Your assignment: Within the records below, find the line with "INDIAN slutty Babes" and the line with "Chrome Easy Button Red", then reproduce exactly those two lines and all lines between them, without any picture.

== Extracted records

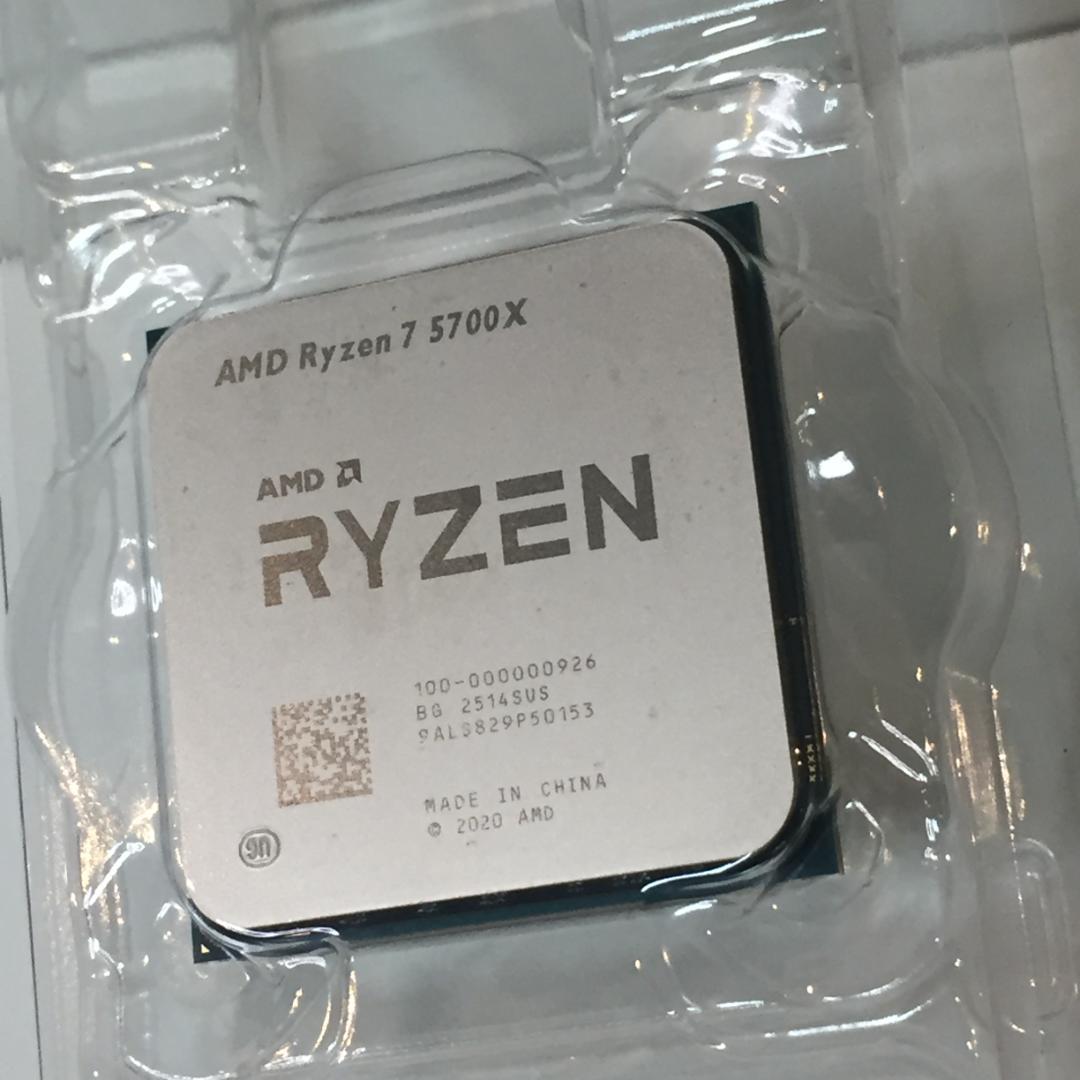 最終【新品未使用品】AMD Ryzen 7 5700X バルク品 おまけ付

====
== Extracted records

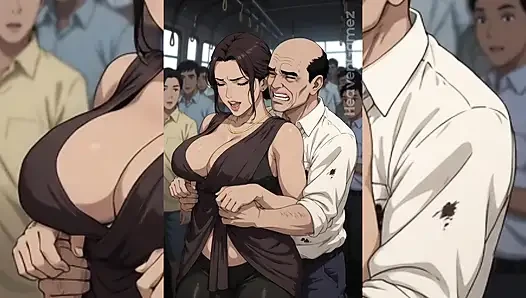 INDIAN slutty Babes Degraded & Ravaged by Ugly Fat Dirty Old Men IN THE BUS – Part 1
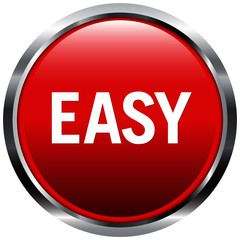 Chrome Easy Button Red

====
== Extracted records

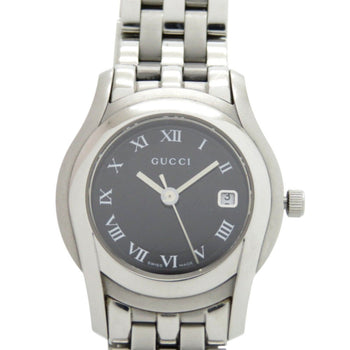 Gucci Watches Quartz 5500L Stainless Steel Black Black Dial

====

Output below:
 INDIAN slutty Babes Degraded & Ravaged by Ugly Fat Dirty Old Men IN THE BUS – Part 1
 Chrome Easy Button Red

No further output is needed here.